• Activity: Leave the pictures aside and copy all the data exactly.

• Exercise data:
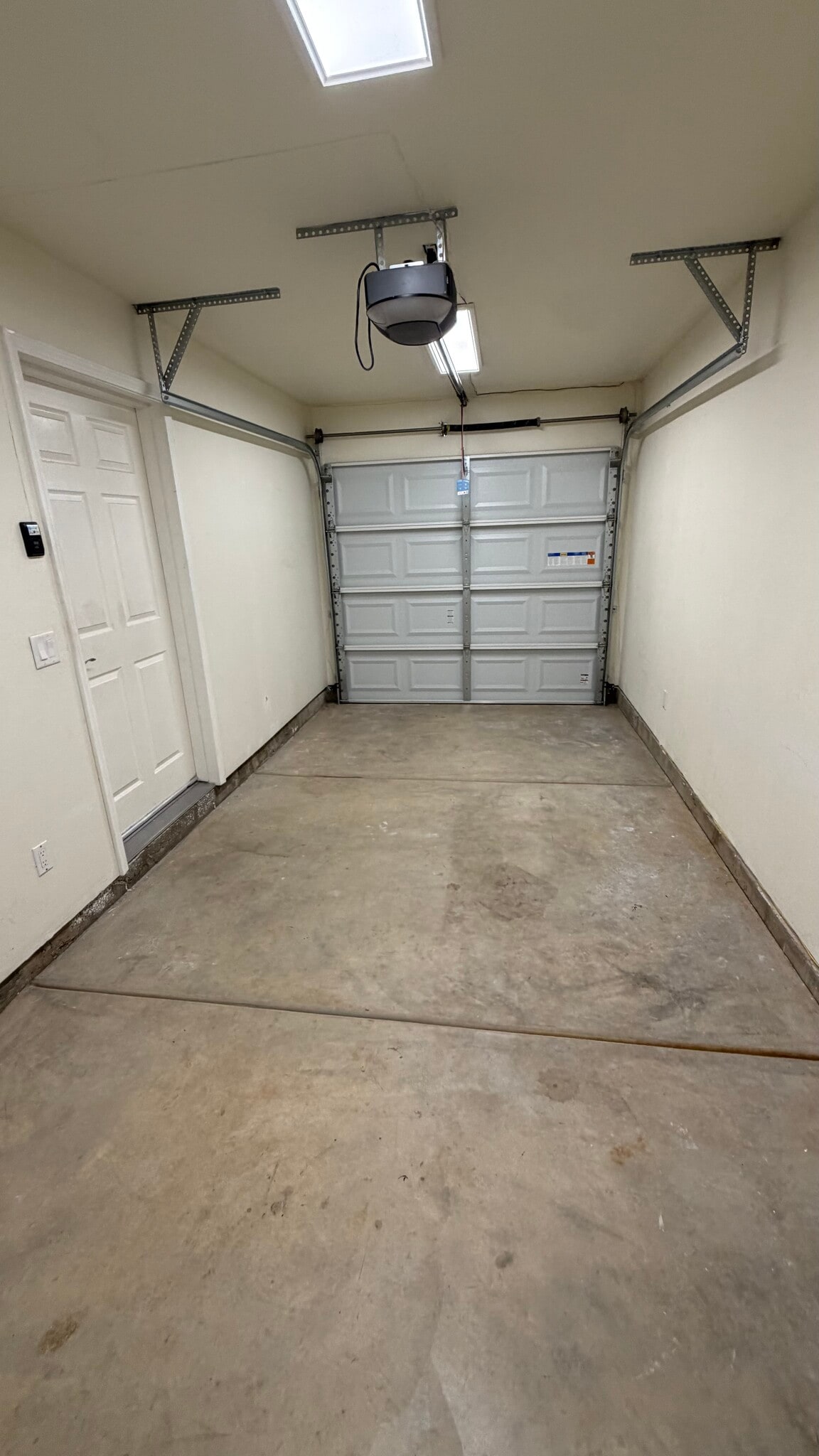 Building Photo - 6512 Manassero Way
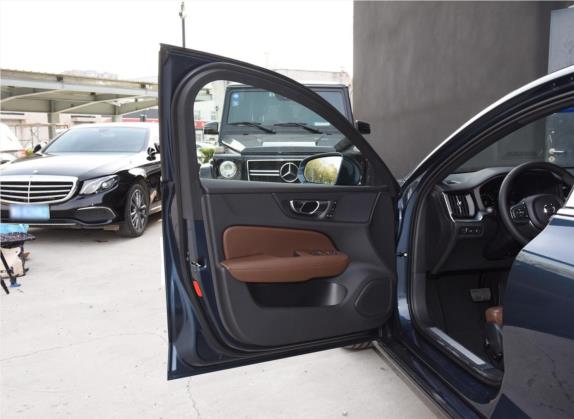 沃尔沃S60新能源 2021款 T8 E驱混动 四驱智逸豪华版 车厢座椅   前门板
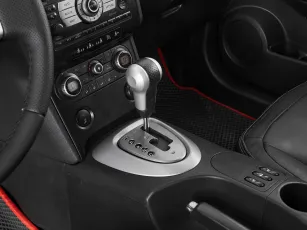 Nissan  15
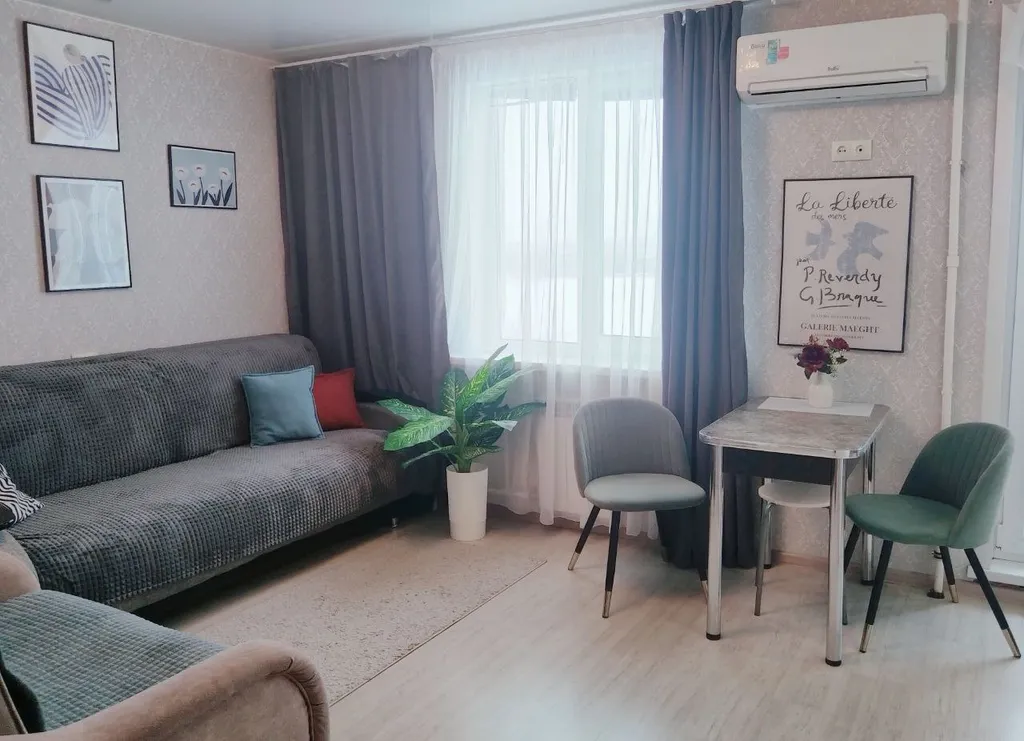 Замечательная квартира в центре города — аренда посуточно в Сызрань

• Result:
 Building Photo - 6512 Manassero Way
 沃尔沃S60新能源 2021款 T8 E驱混动 四驱智逸豪华版 车厢座椅   前门板
 Nissan  15
 Замечательная квартира в центре города — аренда посуточно в Сызрань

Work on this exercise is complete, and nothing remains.